Re: SQLite, Unicode LC

2014-04-11 Thread Kay C Lan
On Fri, Apr 11, 2014 at 12:46 AM, Peter Haworth p...@lcsql.com wrote:

 Do you know what version of the SQLite library your admin tool is using?
  I'm wondering if there's some incompatibility in how UTF8 is handled in
 different versions of the SQLite library.

 That's my assumption.

Valentina Studio 5.5.4 reports 3.8.1
Navicat Premium 11.0.16 reports 3.8.1
In LC 6.5.2 I reports 3.7.4
In LC 6.6.1 I reports 3.8.3.1
___
use-livecode mailing list
use-livecode@lists.runrev.com
Please visit this url to subscribe, unsubscribe and manage your subscription 
preferences:
http://lists.runrev.com/mailman/listinfo/use-livecode


Re: SQLite, Unicode LC

2014-04-10 Thread Peter Haworth
A few comments below.

On Wed, Apr 9, 2014 at 8:28 PM, Kay C Lan lan.kc.macm...@gmail.com wrote:

 Pete said:

 1) Exports from iTunes and gets a word like eÜjûzëiÇoò [hope it displays
 with all the accents] with all the accented chars as garbage.


That's correct when I used Textedit with its default character encoding
(Automatic) for opening files.  I just tried it with Textedit's character
encoding set to utf8 and the accented characters now show correctly.
 Apparently Textedit is unable to automatically detect utf8 correctly.

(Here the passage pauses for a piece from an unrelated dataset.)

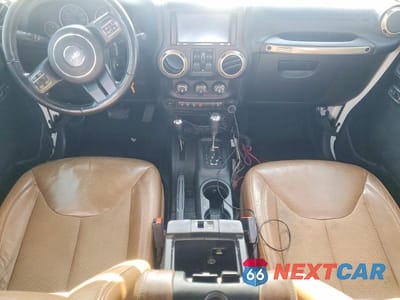 Zdjęcie 8 z 12 samochodu: 2017 JEEP WRANGLER UNLIMITED SAHARA VIN:1C4BJWEG0HL553708 - miniatura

 2) I don't know how those displayed for him in a LC variable or field.


Looking at it in the variable viewer, it displayed with the corrupted
characters.


  3) He imports that data into SQLite and gets those same carbage chars.
 4) He used unidecode(uniencode()) to convert the garbage and display
 correctly in SQLite Management software


Slight correction to that - once the data was in the SQLite database
correctly formatted with uniencode/decode, it displayed correctly in an LC
application after doing a SELECT on it.  It also displayed correctly in my
SQLite admin tool but since that tool is my SQLiteAdmin utility which is
written with LC, that's probably not a good benchmark :-)


 In my case, when I orginally wrote my script (6.1.x) I never used any
 uniencode or unidecode:

 1) Exported a file and a word like eÜjûzëiÇoò appeared exactly like that in
 a BBEdit text file that reported it as UTF8 and Unix CRs.


I don't have BBEdit but it sounds like it does a better job than TextEdit
on detecting character encodings.


 2) Put it in a LC variable and field and it looked exactly the same.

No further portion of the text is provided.